Impassível perante a tortura
Mas se há uma crítica ao juiz que se repete, é a sua atitude para com as alegações de tortura. De acordo com Del Cura “são muitos os casos de pessoas que, quando conduzidos a Garzón, relataram terem sido torturados e/ou maltratados durante os períodos de detenção incomunicável. E a resposta dele foi sempre a mesma: em nenhum caso foi ordenado investigar ou remeter as queixas para o tribunal competente. E deu como boas todas as declarações”.

Com a sua negligência face às acusações de abuso policial, Garzón ganhou a reprovação do Tribunal Europeu dos Direitos do Homem. Em 1992, 30 nacionalistas catalães que foram presos na véspera dos Jogos Olímpicos e aos quais foi aplicada a legislação anti-terrorista, reclamaram ao juiz que haviam sido torturados sem que este fizesse alguma coisa. Depois de um longo processo, em 2004, o Tribunal Europeu dos Direitos Humanos sentenciou que o inquérito de Garzón sobre a tortura não tinha sido “suficientemente profundo e eficaz”.

Sallèles recorda outro episódio dilacerante: “Era um menino que ele trouxe de Guantánamo para julgar por terrorismo. Naquele momento, não parecia colocar qualquer problema a Garzon o facto de o menino vir de lá. O acusado foi absolvido pelo Supremo Tribunal, que negou a validade deste tipo de processo. No entanto, ele, como juiz, nada tinha feito”.
Para Arzuaga, “julgam Garzón precisamente com uma acusação desproporcionada, com conotações políticas e resultante de uma interpretação extensiva da lei. Essa é a justiça espanhola. Ele contribuiu para que se pudesse chegar aonde se chegou hoje”.
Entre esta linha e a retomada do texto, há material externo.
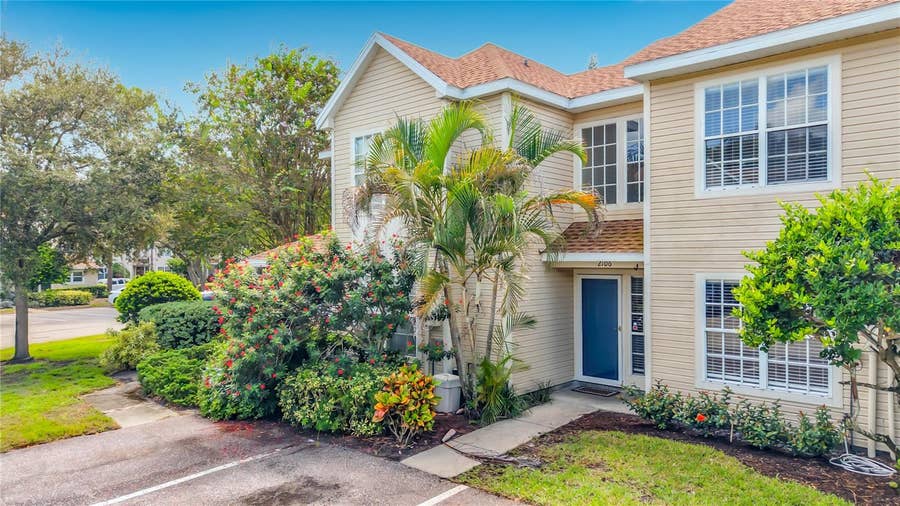 Property photo for 2106 CLOVER HILL ROAD, Palm Harbor, FL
(*) O enorme processo 18/19, aberto em 1998, em que Baltasar Garzon pretendia julgar “toda a estrutura da ETA”, envolveu um jornal (Egin) e uma rádio (Egin Irratia), várias empresas e uma fundação. Foram, então, processadas 55 pessoas.


Comentários dos leitores

A CHISPA ! 26/5/2010, 21:25

Muito bom, parabéns pelo teu excelente artigo Pedro Goulart.
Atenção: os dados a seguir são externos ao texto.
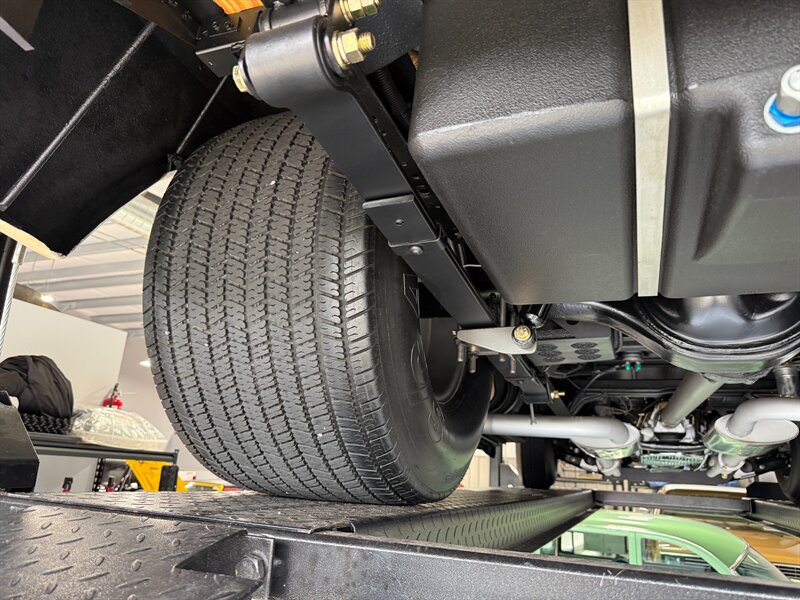 Chevrolet-Stepside-1955-Black-Black-33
"achispavermelha.blogspot.com"
A CHISPA !

carlos silva 23/6/2010, 23:26

Este documento demonstra que no estado espanhol, para álém da realidade explícita, ainda que limitada, persiste todavia implícitamente, uma outra face dessa mesma realidade, que advem do erro de alguma esquerda light ter a seu tempo confundido a morte de Franco com a morte do franquismo. Pois aí está vivo e coleando ...não perdoando nem ao seu mais fiel servidor, que pise la raia olvidando el hecho de que ellos, los franquistas, son quienes cortan el bacalao. Eis pois uma manifestação caracteristica do pensamento elitista (?) da Direita que agora patalea.
Poderia dizer que dá pena mas ...não seria verdade.